The judiciary's call came after the South China Morning Post reported on Friday that Bar chairman Rimsky Yuen Kwok-keung and his council were setting up a special committee to study the constitutionality of the advert ban. The move followed a Court of Appeal ruling last month that a similar rule imposed by the Medical Council on doctors had breached freedom of expression.

Barrister Margaret Ng Ngoi-yee, who chairs the Legislative Council's legal panel, said she supported the Bar's decision to have another serious look at the matter. 'I hope the majority of counsel will support the reform this time. Forcing the change by legislation would be the worst strategy to achieve the end,' she said.

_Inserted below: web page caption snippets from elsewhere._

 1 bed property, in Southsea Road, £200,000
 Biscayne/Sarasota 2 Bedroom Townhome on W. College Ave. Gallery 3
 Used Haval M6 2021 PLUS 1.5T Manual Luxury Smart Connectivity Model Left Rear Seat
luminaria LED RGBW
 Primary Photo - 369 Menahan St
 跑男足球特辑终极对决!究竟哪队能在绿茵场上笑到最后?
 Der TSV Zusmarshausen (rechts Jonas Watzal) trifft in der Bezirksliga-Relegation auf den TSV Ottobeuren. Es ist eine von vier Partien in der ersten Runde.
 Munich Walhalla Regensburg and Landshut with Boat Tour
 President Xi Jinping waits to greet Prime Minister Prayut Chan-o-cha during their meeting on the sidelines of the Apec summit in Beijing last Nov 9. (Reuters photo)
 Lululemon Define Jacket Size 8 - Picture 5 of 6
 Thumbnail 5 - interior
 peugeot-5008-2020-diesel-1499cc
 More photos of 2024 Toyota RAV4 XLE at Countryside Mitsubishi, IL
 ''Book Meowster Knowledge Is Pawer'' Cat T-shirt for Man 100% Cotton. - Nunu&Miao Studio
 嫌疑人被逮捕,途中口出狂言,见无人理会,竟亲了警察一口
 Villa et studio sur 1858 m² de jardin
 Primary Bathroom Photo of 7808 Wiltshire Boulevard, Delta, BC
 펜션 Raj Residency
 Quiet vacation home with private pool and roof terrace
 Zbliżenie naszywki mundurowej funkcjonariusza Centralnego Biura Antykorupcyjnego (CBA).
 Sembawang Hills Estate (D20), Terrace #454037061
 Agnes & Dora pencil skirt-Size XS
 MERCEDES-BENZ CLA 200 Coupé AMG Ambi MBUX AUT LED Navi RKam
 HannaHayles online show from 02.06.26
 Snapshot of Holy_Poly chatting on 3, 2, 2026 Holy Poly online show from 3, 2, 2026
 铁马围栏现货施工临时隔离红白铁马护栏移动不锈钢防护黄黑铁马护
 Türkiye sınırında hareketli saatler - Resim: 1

Director of rights group Unison Hong Kong, Fermi Wong Wai-fun, who often has to help ethnic minority teenagers arrested for assaulting police officers, welcomed the Bar's move. She said she could only phone barristers randomly, without any information to rely on.

'Sometimes, it's all about luck. Most of the barristers told us they were capable of taking any type of cases. In some cases, we only realised their expertise did not lie in the area we hired them for when it was too late to change counsel,' she said.

Ho Hei-wah, director of the Society for Community Organisation, said a change would give opportunities to new barristers, who were by no means less capable than their seniors.